How I Use “Top 3” Format to Connect to My Purpose

You might already be familiar with the concept of purpose—whether via Daniel Pink’s Drive framework of mastery, autonomy, and purpose or through the lens of pop-psych tools like ikigai.

The basic prompt is, “How do I find meaning in my work?”

In this post, I’ll share how I use “Top 3” format to connect my work to levels of meaning: my career, the team or product area, to a company and industry.

Based on the fact that most of us can only focus on 1–3 things at a time. The short format also enforces focus: working within constraints—a system thinking technique to work faster and smarter by limiting work in progress.

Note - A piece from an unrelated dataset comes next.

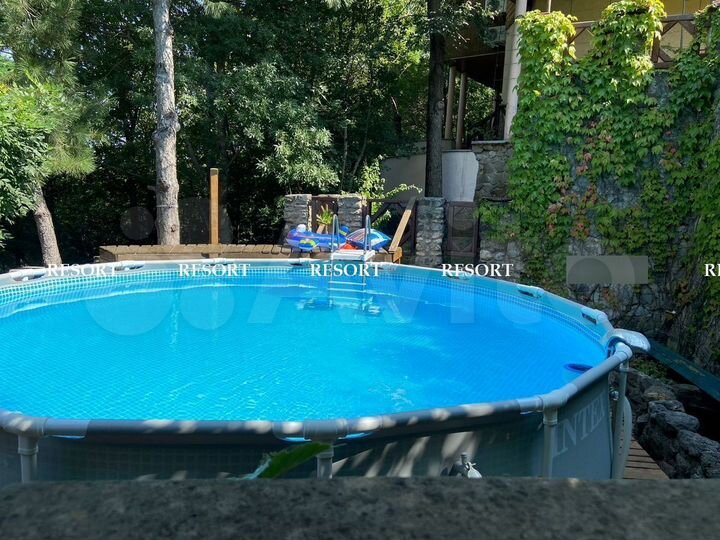 Дом 180 м² на участке 30 сот.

The simple “Top 3” format grounds my work inside a bigger frame—working up from individual goals to the big picture—and helps me align, plan, and measure how I’m doing along the way.

(Other metaphors include concentric circles, levels of altitude, or “laddering up.”)

Working example:

  1. CEO: 1/ Revenue growth 2/ Bring in new customers 3/ Enter a new market/geo
  2. CPO & CTO: 1/ Focus (reduce work-in-progress) 2/ Align teams to CEO’s top 3 goals and 3/ Systems to scale
  3. Product Line, General Managers: 1/ Prioritize projects to meet revenue goals 2/ Define 1-3 year strategy and 3/ Improve Product + GTM plans to achieve the mega-launch mid-year
  4. Group: Directors & GPMs: 1/ Mega-launch: understand & focus to ship with quality & on-time 2/ Partner with Engineering + Design on platform changes to drive a multiplicative effect 3/ Work with all team members for an effective, human-first high-performance culture
  5. Team Level: Product Managers. This is the smallest circle, or lowest level of altitude. Work is prioritized to achieve the purpose & goals at each level above.

I might ask myself or a team member: “How do you view your role on the team, the role of the team in the company, and the company’s role on a bigger scale?”

In a product team, I might listen for stories that connect directly to customer needs—how we solve their problems.

Not only new features or bigger-faster-better but removing friction and pain points to create delightful experiences. “What is the fundamental human need our products and services are solving for? Why does that matter?”

Summary: Use a simple “Top 3” format to focus, speed up delivery, and align personal goals with a wider purpose.